Während Mozart die beiden Sätze des Offertoriums wieder zum Großteil selbst geschrieben hat, verbucht Süßmayr Sanctus, Benedictus und Agnus Dei ganz für sich. Da Konstanze jedoch nach dem Tod ihres Mannes „einige wenige Zettelchen mit Musik“ auf Mozarts Schreibtisch gefunden hat, wird häufig die Vermutung geäußert, Süßmayr habe sich bei der Komposition dieser Sätze zumindest auf von Mozart skizzierte Ansätze stützen können.

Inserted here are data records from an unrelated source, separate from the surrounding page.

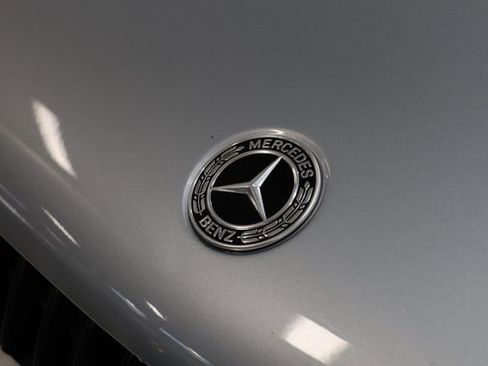 Used 2024 Mercedes-Benz GLE 450e 4MATIC image 11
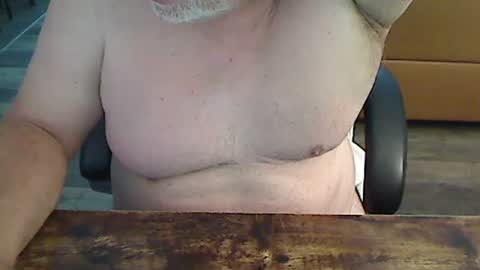 Snapshot of perfecto1957 chatting on September 22, 2025, 4:20 pm perfecto1957 online show from September 22, 2025, 4:20 pm
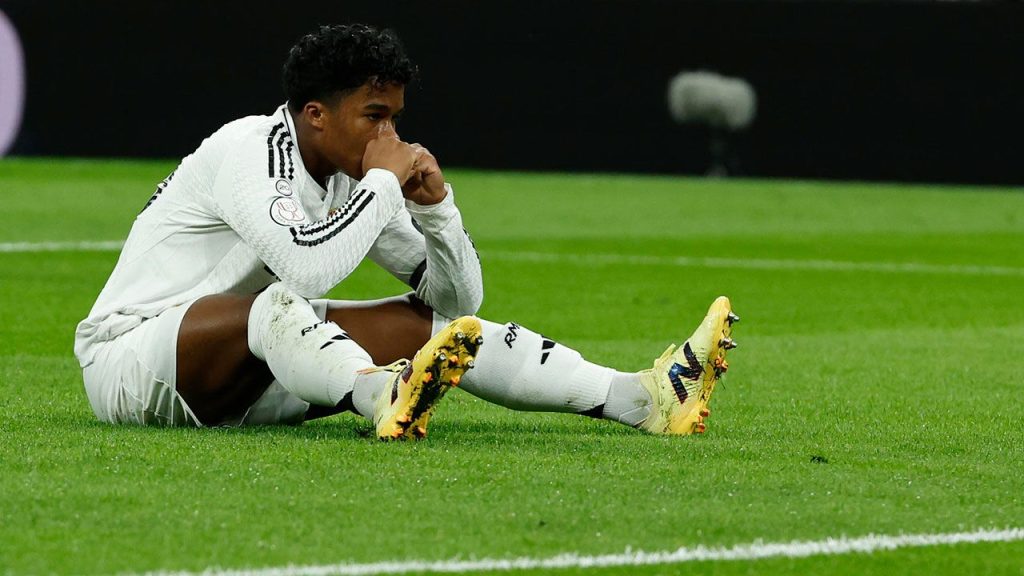 Endrick tiene un pie y medio fuera del Real Madrid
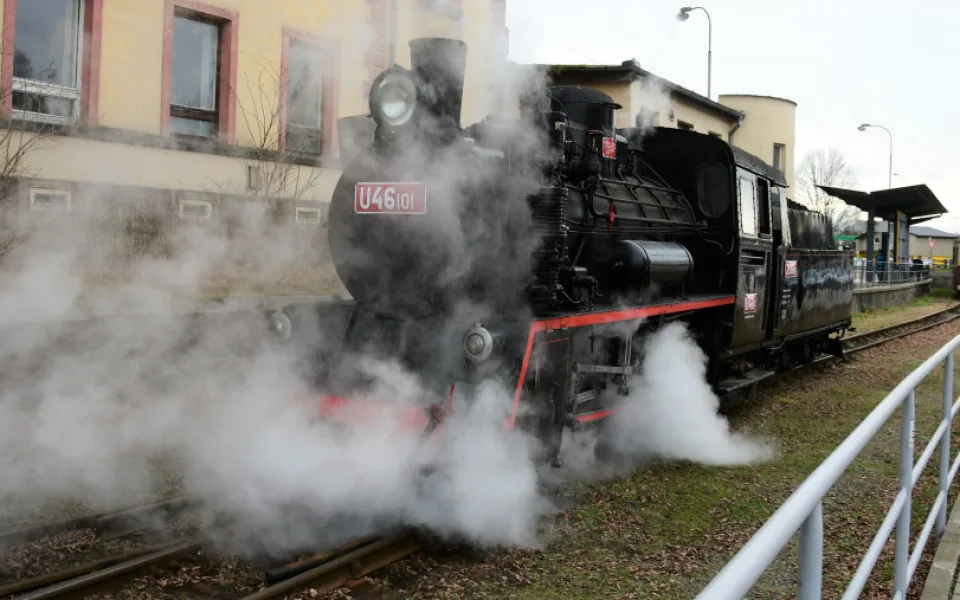Jihočeský kraj uzavřel smlouvu na provoz úzkokolejky do roku 2024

Die Communio gestaltet Süßmayr nach Art der Reprise durch Wiederaufgreifen von Introitus und Kyrie, beide Sätze lediglich mit einer – teils wenig organischen – Umtextierung versehend; und so endet das Werk wie es begonnen hat – mit der Musik des Genies.
Ave verum corpus KV 618
Die nur 46 Takte umfassende Motette Ave verum corpus für Chor, Streicher und Orgel hat Mozart wohl auf Anfrage des Badener Chorregenten Anton Stoll zum Fronleichnamsfest 1791 geschrieben. Nach der feierlich schlichten Einleitung tut sich mit der enharmonischen Modulation bei cuius latus ein harmonischer Kosmos auf, der weit in die Zeit der Romantik weist. Heute zählt auch dieses Kleinod zu den beliebtesten und vollendetsten Werken Mozarts.